Но эта историческая и современная реальность была неинтересна нашей прогрессивной интеллигенции. Она построила себе утопический примитивный образ и поверила в него, как в сущность. И в него призывала втиснуть нашу реальную жизнь.
Второй провал рациональности в связи с представлением о демократии вызван тем, что оно было изначально увязано с частной собственностью и рынком. Упомянутый выше Э.Я.Баталов говорил на «круглом столе» в «Вопросах философии»: «Не буду заниматься тщетными поисками определения демократии. Скажу только, что суть ее вижу в существовании между гражданами отношений рыночного типа – неважно, идет ли речь о демократии в политике, экономике и культуре… Словом, есть рынок – есть демократия, нет рынка – нет демократии. Третьего не дано, точнее, третье – казарма».

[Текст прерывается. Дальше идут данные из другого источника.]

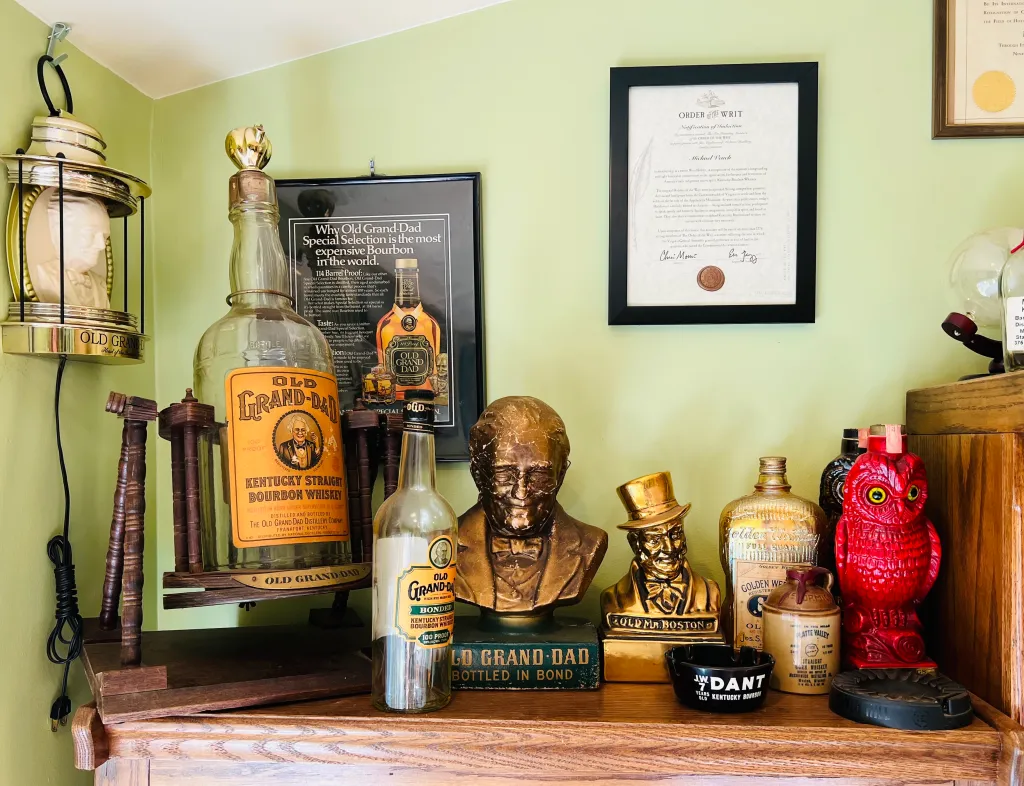 empty whiskey bottles on display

Ему вторит известный философ В.М. Межуев: «Какое же общество действительно нуждается в правовой демократии и способно ее защитить и сохранить? Я думаю, только то, которое состоит из собственников, независимо от того, чем они владеют, – средствами производства, денежным капиталом или только своей рабочей силой… Иными словами, это общество приватных интересов и дел, где каждому что-то принадлежит и каждый имеет право на собственное дело. По существу, это и есть гражданское общество, в котором люди связаны между собой как независимые друг от друга индивиды – самостоятельные собственники и хозяева своего частного дела»48.
Впечатление такое, будто сознанием наших интеллектуалов на время и впрямь овладели идолы, образы ложных сущностей. Их рассуждения о связи собственности с демократией обнаруживают такой регресс относительно исторического знания, что их и рациональными назвать уже нельзя. Даже кадеты начала XX века, оказавшись несостоятельными в российской политике, все же были гораздо ближе к реальности и логике. М.Вебер, объясняя коренное отличие русской революции от буржуазных революций в Западной Европе, приводит важный довод: к моменту первой революции в России понятие «собственность» утратило свой священный ореол даже для представителей буржуазии в либеральном движении. Это понятие даже не фигурирует среди главных программных требований российских либералов. Как пишет исследователь трудов Вебера историк-эмигрант А.Кустарев, «таким образом, ценность, бывшая мотором буржуазно-демократических революций в Западной Европе, в России ассоциируется с консерватизмом, а в данных политических обстоятельствах даже просто с силами реакции»49.